BRATISLAVA, January 28, (WEBNOVINY) – Slovakia’s fiscal consolidation plan aims at the strongest deficit reduction this year in the CEE region. This results from a comparison of the development in ten EU countries elaborated by UniCredit Bank analysts. Apart from Estonia with general government deficit deeply below 3 percent of the GDP, all assessed countries aspire to cut back the deficit. The highest planned consolidation rate in 2011 is projected in Slovakia, presently estimated at 2.9 percent of the GDP, says UniCredit senior economist Vladimir Zlacky. Slovakia is followed by Latvia, Romania and Lithuania, which reported high deficit in 2010, likewise Slovakia. On the other hand, analysts found the most lukewarm ambitions regarding fiscal consolidation in Slovenia, the Czech Republic and Hungary.
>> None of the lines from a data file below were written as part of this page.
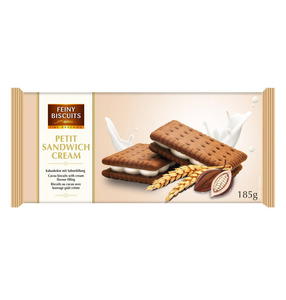 Feiny Biscuits Petit Sandwich Cream 185 g - 2878330427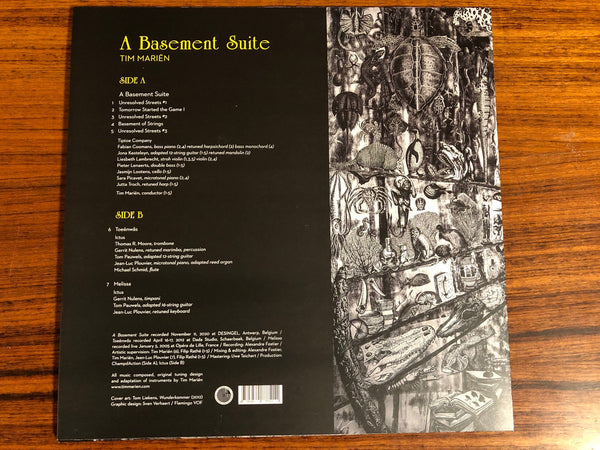 Tim Mariën -  A Basement Suite LP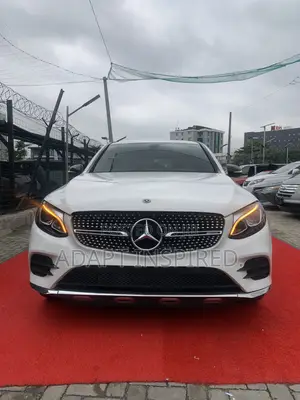 Mercedes-Benz GLC-Class 2018 White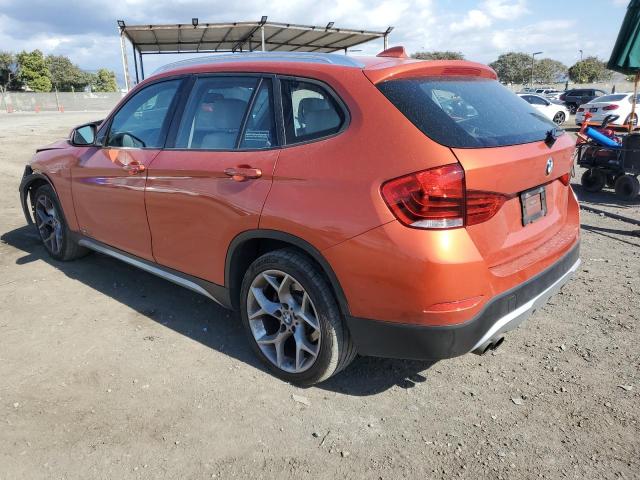 WBAVM1C53EVW47524 - 2014 BMW X1 SDRIVE28I ORANGE photo 2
Analysts point out that the relatively steep consolidation pace in a short-term horizon will mildly slow down the Slovak economy because the austerity package will reduce the purchasing power. Stabilization of the general government finance will have a positive influence on the country’s risk profile and the amount of interest rates paid by the state for debt service coverage. Money saved thanks to lower interest cost can be used to decrease taxes and payroll levies or for infrastructure and education investments, suggests Zlacky.

Fiscal consolidation is a necessary stabilization measure after two-year unsustainable development of public finance. As a rule, healthy general government finance and low debt are the preconditions for a long-lasting economic prosperity, Zlacky added.

Representatives of the Slovak Finance Ministry have confirmed the government’s goal to lower the general government deficit from last year’s nearly 8 percent of GDP to 4.9 percent of GDP. The ministry is presently working on a second series of stabilization measures to squeeze the deficit below 3 percent of GDP (the Maastricht Criterion) by 2013. The ministry expects it will unveil the concrete measures in April.